**GIVEN INFORMATION:**
########################################
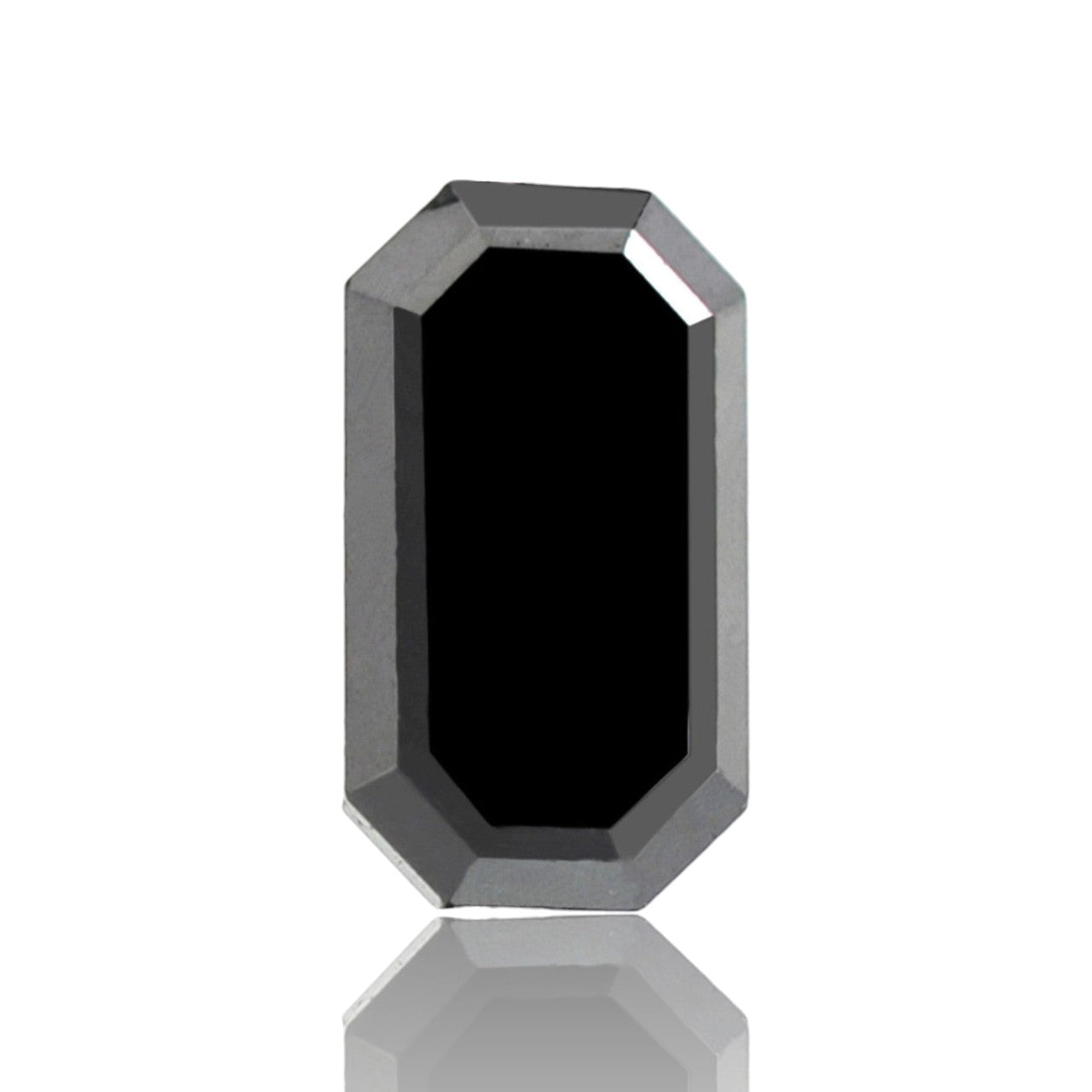 1.31 Carat Earth Mined Long Elongated Emerald Shape Diamond 8.5 X 4.5 X 3.4 MM Loose Natural Black Diamond Wedding Ring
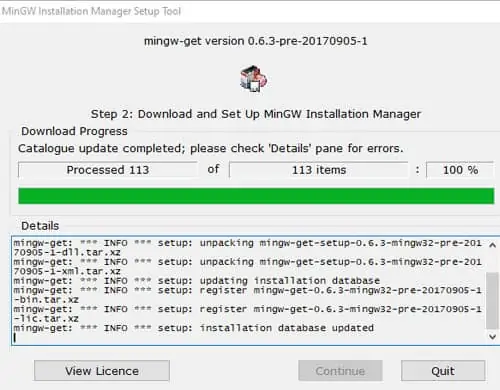 mingw-insatallation-package-setup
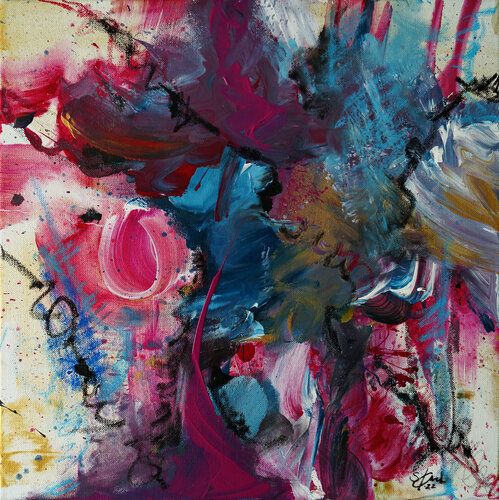 Sun-Rise by Sabine Kraftmeier, Painting for Sale on Select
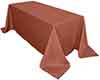rectangle tablecloths terracotta rust 90 x 132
########################################
**PROBLEM DESCRIPTION:** Give all of the material again, exactly, apart from the pictures.

**WRITTEN SOLUTION:**
 1.31 Carat Earth Mined Long Elongated Emerald Shape Diamond 8.5 X 4.5 X 3.4 MM Loose Natural Black Diamond Wedding Ring
 mingw-insatallation-package-setup
 Sun-Rise by Sabine Kraftmeier, Painting for Sale on Select
rectangle tablecloths terracotta rust 90 x 132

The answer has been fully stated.